越川容疑者と市のトラブル

 市の広報誌によると、1970年に整備された同道路でのトラブルは、越川容疑者の親族が1994年1月にこの土地を購入したところから始まる。

「1996年12月に地権者さんが、道路には自分が持つ私有地が含まれるのだと当時の波崎町を提訴。最高裁まで争い、2004年12月に波崎町が敗訴しました。現在は、波崎町の合併に伴って神栖市がこの問題を引き継ぎました。今も道路として使えるよう、権利者さんとは弁護士を通して交渉している段階です。ただ、交渉内容については、控えさせていただきたい」(同・道路整備課の担当者)とのこと。

 通行止め区間の近くに住む住民たちに話を聞くも、

「全然わからない。関わりたくもない」

「話すことはない」

 と、冒頭の女性と同じく、口を閉ざす。

 土地の権利者と市が対立する構図のようだが、なぜ、地権者である越川容疑者を近隣住民は恐れているのか。

 とある地元住民の男性は、囁くように話し始めた。

「この“通行止め問題”は、テレビで何度も取り上げられているんだけど、顔が出ないインタビューでも声や服装で誰が話したか越川にバレちゃうんだよ。
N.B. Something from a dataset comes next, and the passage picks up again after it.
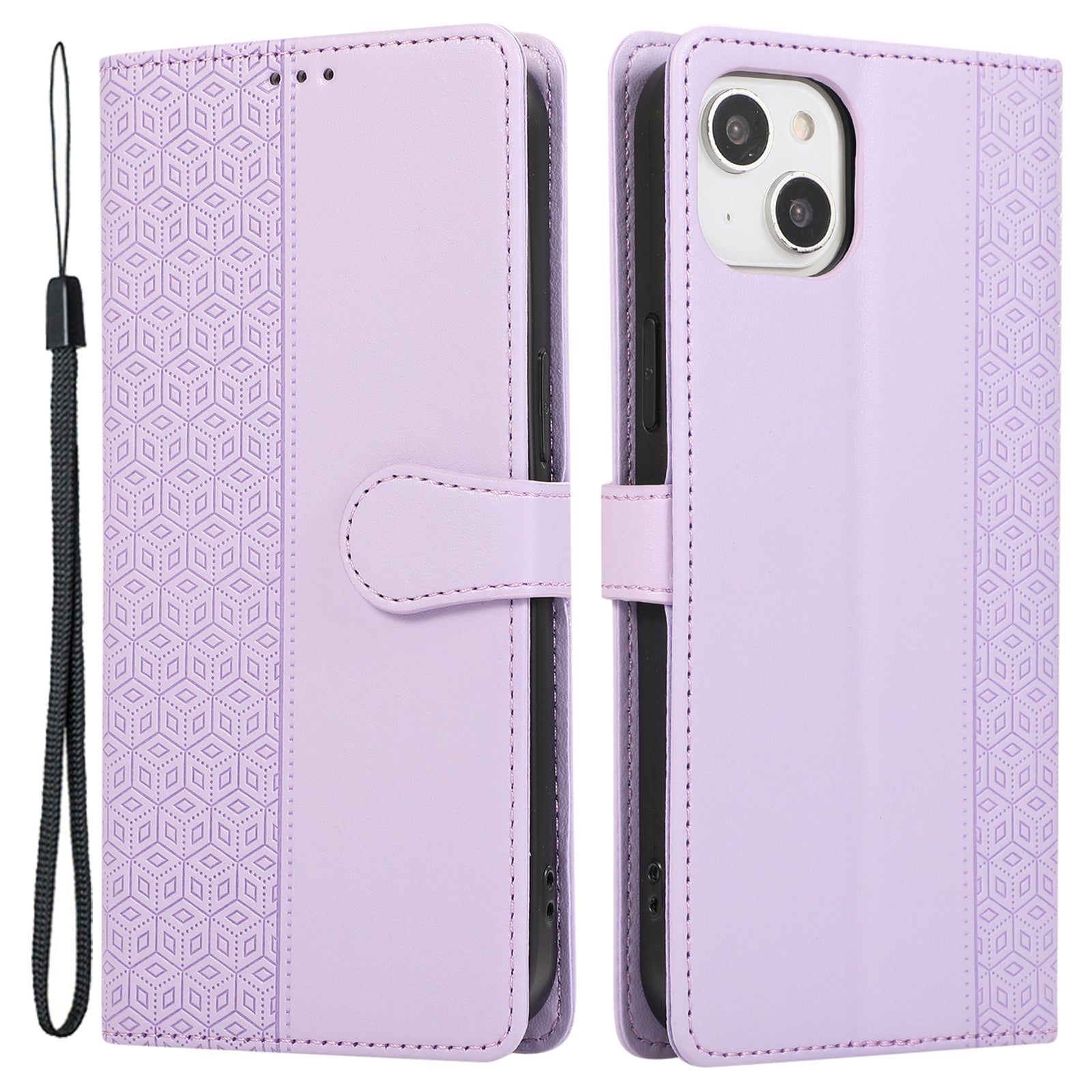 R20 for iPhone 15 Case Splicing Imprinted Rhombus Anti-Scratch Leather Phone Cover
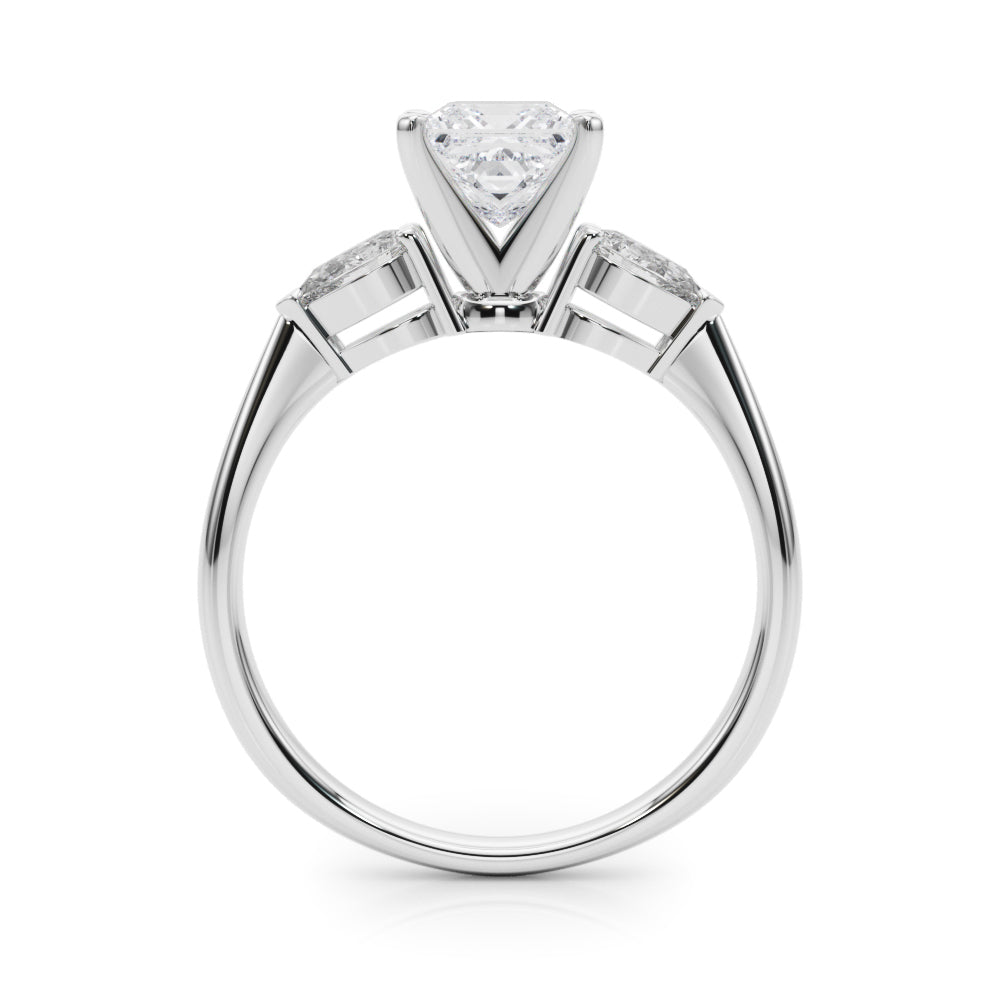 Silver Three-Stone Princess Diamond Ring with Pear Side Stones on a Platinum Band with Four-Prong Setting 1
それで文句を言われた人もいる。余計なことを言うと、越川に何かされるんじゃないかって、みんな怖がっているんです。過去に何度も逮捕されていますから。それぐらい危ないヤツなのよ」

 2009年には器物損壊容疑で、2012年には人に向けて水中銃を発射したとして、殺人未遂の疑いで逮捕されていた。

 そして今回の経緯についても説明する。

「波崎町は裁判に負けてから、越川の父親に道路の使用料を払っていたんです。トラブルのきっかけは、波崎町が2005年8月に神栖市に合併されてから。神栖市は工業地帯もあって金があるだろうと、越川の父親は“使用料として2億円払え”と言った。それを聞いた当時の市長は“なら道路は使わない!”と激怒して、使用料を払うのをやめたんです。すると父親や、その仲間が通行料500円を徴収し始めたんだよ」(地元住民の男性)

 “通行止め”問題のウラには、どうも穏やかではない“越川家”の歴史があるようだ。